Requirement: Copy out again, unchanged, the listing below from the line that has "Gre Bruser Solar" through the line that has "Competitive Price ER14250".

Material to process:
Start of Block
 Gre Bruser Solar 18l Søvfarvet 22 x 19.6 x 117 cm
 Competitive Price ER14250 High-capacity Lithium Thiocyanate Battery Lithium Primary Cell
End of Block
Start of Block
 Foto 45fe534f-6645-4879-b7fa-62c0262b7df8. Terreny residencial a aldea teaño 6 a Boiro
End of Block
Start of Block
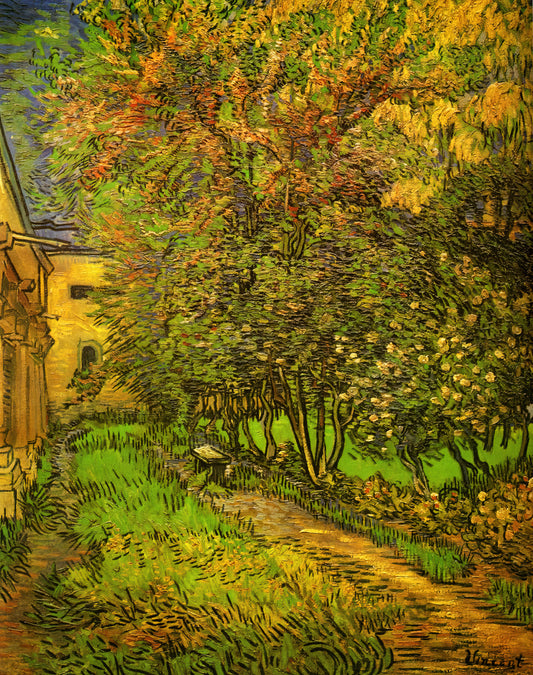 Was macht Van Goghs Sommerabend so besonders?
End of Block
Output of the exercise:
 Gre Bruser Solar 18l Søvfarvet 22 x 19.6 x 117 cm
 Competitive Price ER14250 High-capacity Lithium Thiocyanate Battery Lithium Primary Cell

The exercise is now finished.